Press "Enter" to skip to content

Curated SQL Posts

Multiple Code Panes in R Studio

Tomaz Kastrun has good news for us:

On R studio home page, make sure to download the version 2021.09 Preview (as of writing of this blogpost, this is still in preview) and install this version on your client machine (supported windows machine, MacOS and Linux).

Once installation is completed, head to global options (Tools->Global options) and select Pane Layout. You will have a new set of buttons available (Add Column; Remove Column). With Add column an additional pane will be added to layout.

It’s not as convenient as the right-click –> “Split horizontally” or “Split vertically” that we get in tools like SSMS and VS Code, but I’m happy to see this change in R Studio.

Comments closed

Replication Error 20084 on SQL Server 2019

I ran into a weird issue:

Iwas helping out with a SQL Server upgrade recently, going from 2016 to 2019. We ran into a problem when trying to run replmerg.exe for a merge replication subscription. Specifically, we were getting error code 20084, which means that the replication process couldn’t connect to one of the instances. Interestingly, the process couldn’t connect to the local instance, and the failure was immediate—that is, within a couple of milliseconds. There was nothing in the management logs on either the distributor server or the subscriber server which indicated a problem. We were able to connect both sides together just fine—from the subscriber, we could connect to the distributor, and from the distributor, we could connect to the subscriber.

Click through for what error code 20084 typically means, as well as what turned out to be the problem here.

Comments closed

Swap an Identity Column with a Sequence

Greg Larsen looks at sequences:

Microsoft introduced the sequence number objects starting with SQL Server 2012. A sequence object generates sequence numbers based on starting and increment values, similar to an identity column, but it has additional features. Over time, you might find that the additional benefits of a sequence number have you wanting to replace an identity column with a sequence number. This article demonstrates two options for replacing an identity column with a sequence number.

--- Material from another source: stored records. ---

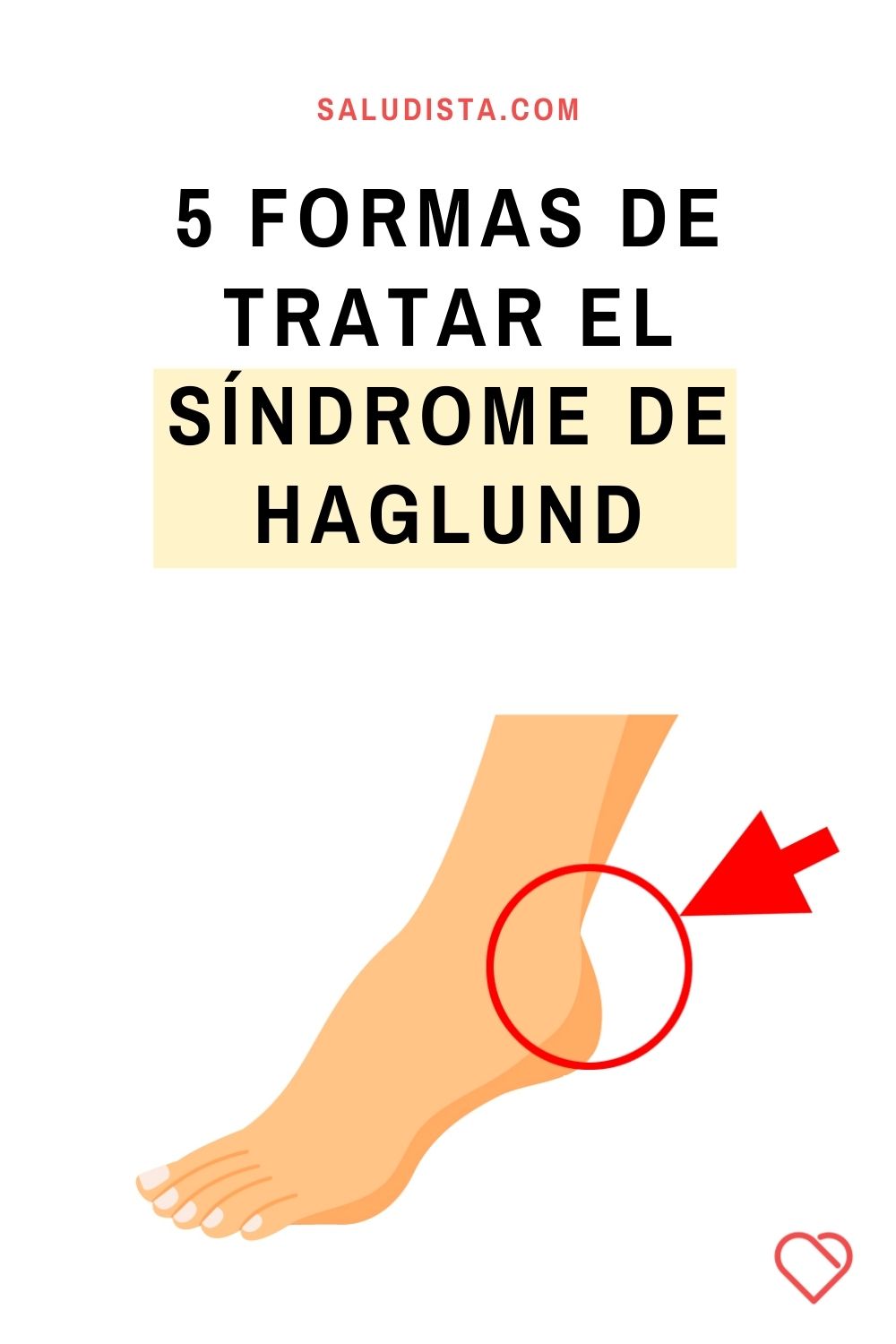 5 formas de tratar el síndrome de Haglund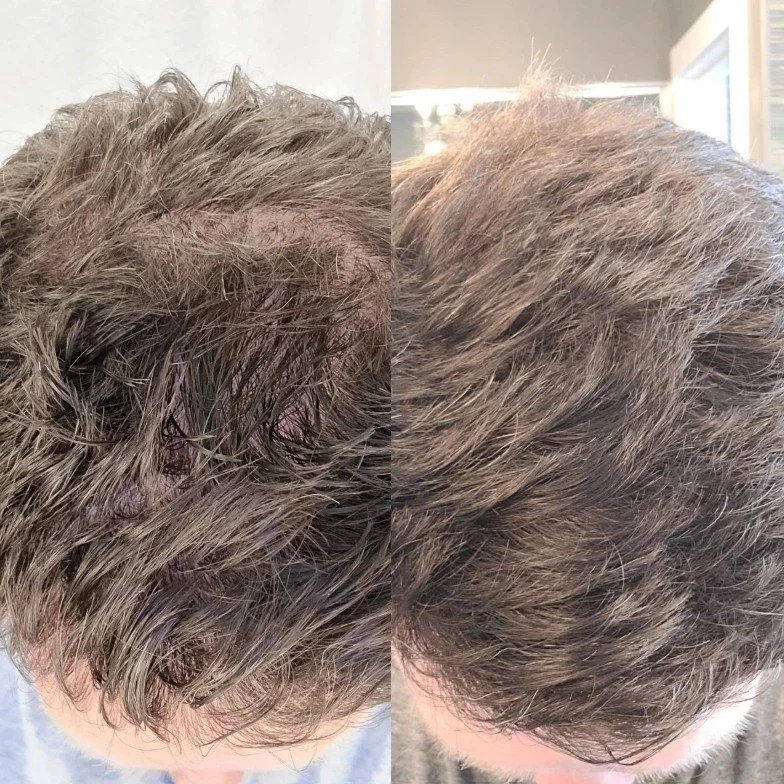 natural organic professional hair restoration hair increase hair density, stop hair loss, thinning hair treatments, prevent hair loss, with elapromed microcurrent electroporation,  winnipeg osborne, st vital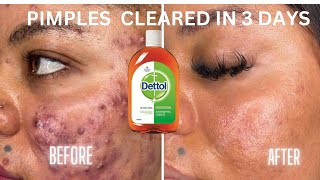 HOW TO CLEAR PIMPLES AND ACNE IN 3DAYS USING DETTOL ANTISEPTIC ✨ [upl. by Lillie981]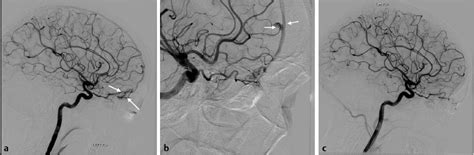 Preoperative And Postoperative Imaging Evaluation Of Arteriovenous
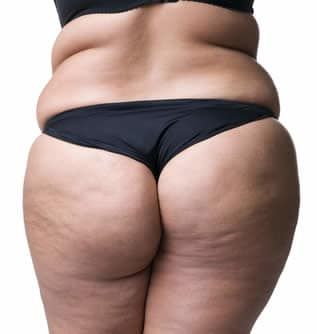 massaggio drenante ritenzione idrica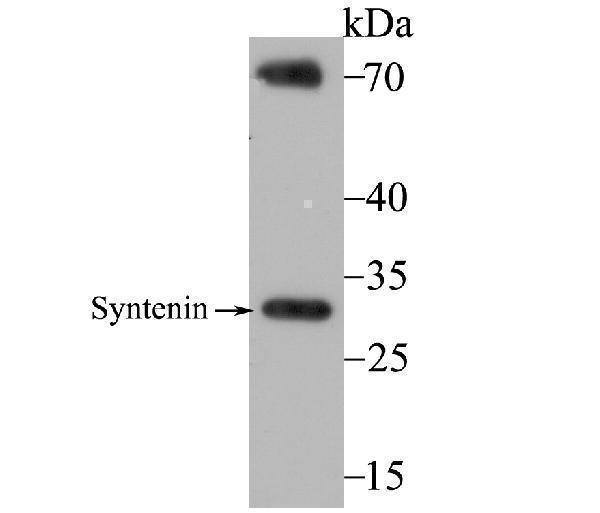 Western blot analysis of Syntenin on A549 cell using anti-Syntenin antibody at 1/2,000 dilution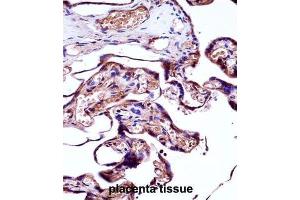 Immunohistochemistry (IHC) image for anti-Neural Precursor Cell Expressed, Developmentally Down-Regulated 9 (NEDD9) antibody (ABIN2998097) (NEDD9 Antikörper)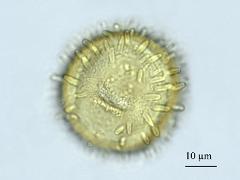 acetolyzed pollen,equatorial view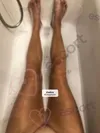 Zdjęcie 1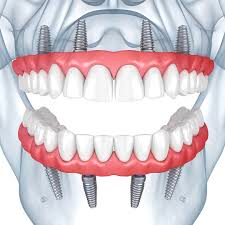 An illustration of a person's teeth with dental implants.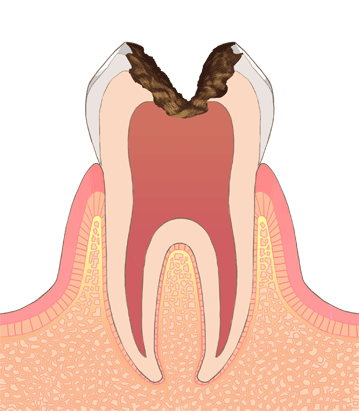 虫歯の進行c3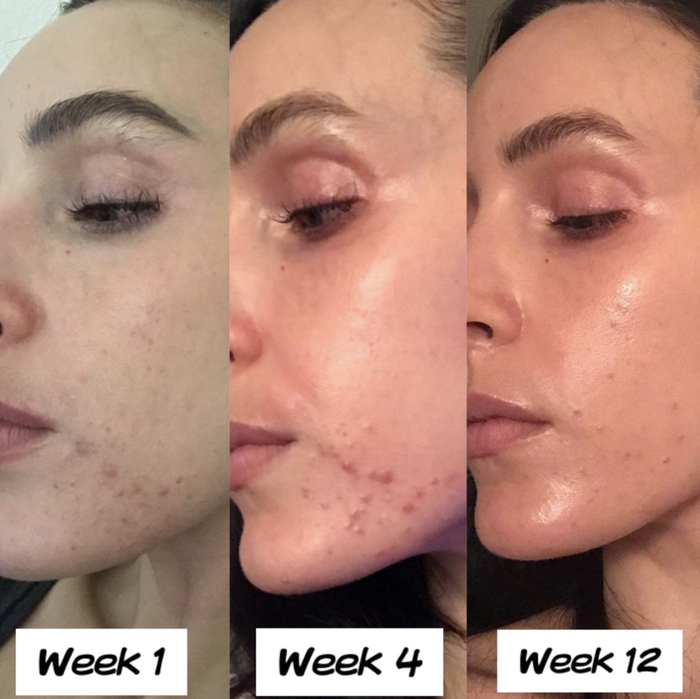 The reviewer demonstrates progress over week 1, week 4, and week 12 using the product, with acne visibly diminishing in each subsequent image.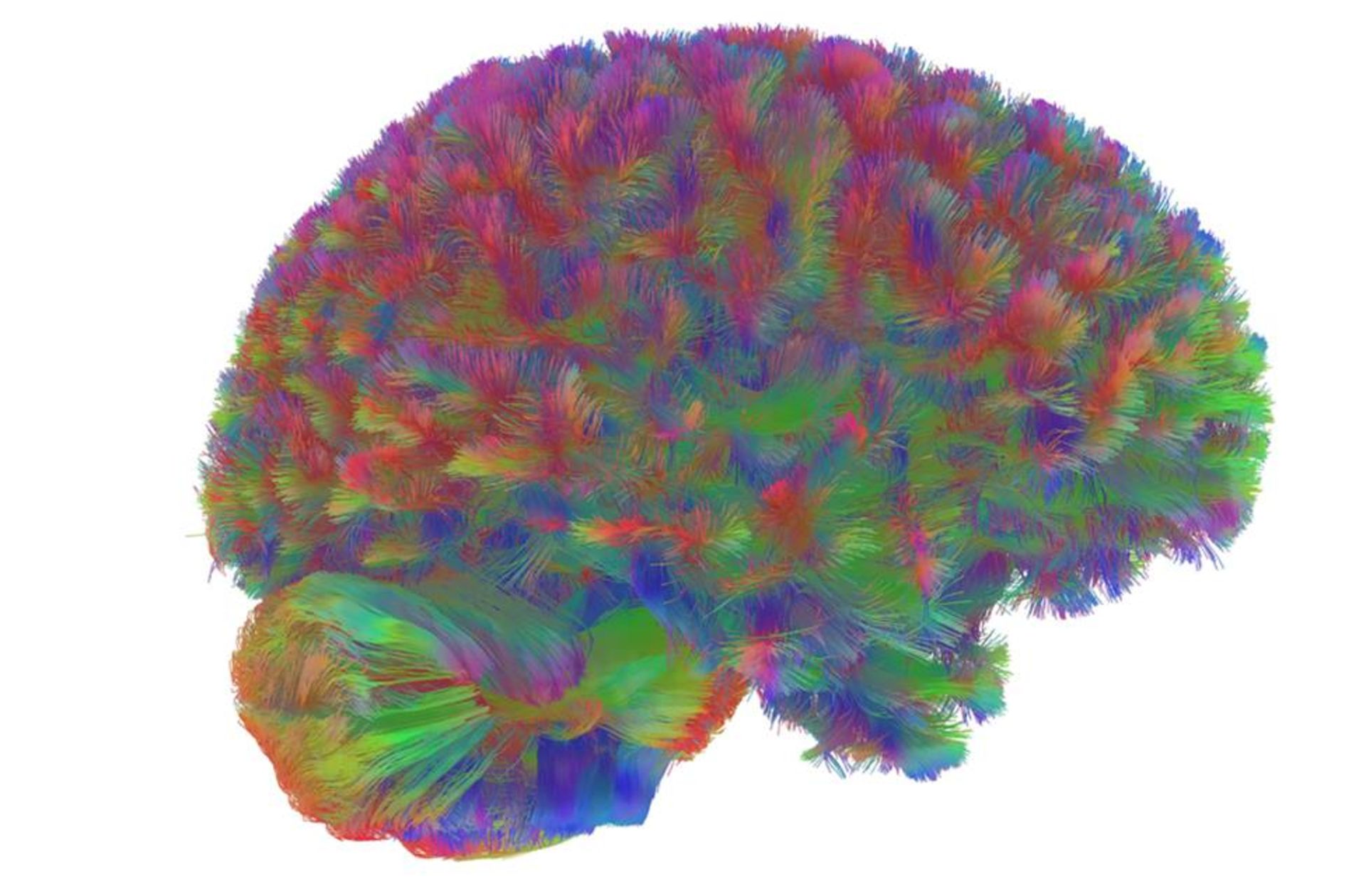 تراکتوگرافی MRI مغز انسان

When it came out, I thought I was going to use sequences a quite often. In practice, I’ve used it a few times, but IDENTITY is so much easier to type and I’ve rarely needed sequence generators. That said, the times I have needed them, I definitely appreciate their existence.

Comments closed

Power BI Model Documenter v2

Marc Lelijveld announces a new version of the Power BI Model Documenter:

Back in 2020, I released the first version of the Power BI external tool to document your Power BI data model. Since then, I wrote a lot about this topic, such as why adding descriptions to everything is important and various releases of the model documenter.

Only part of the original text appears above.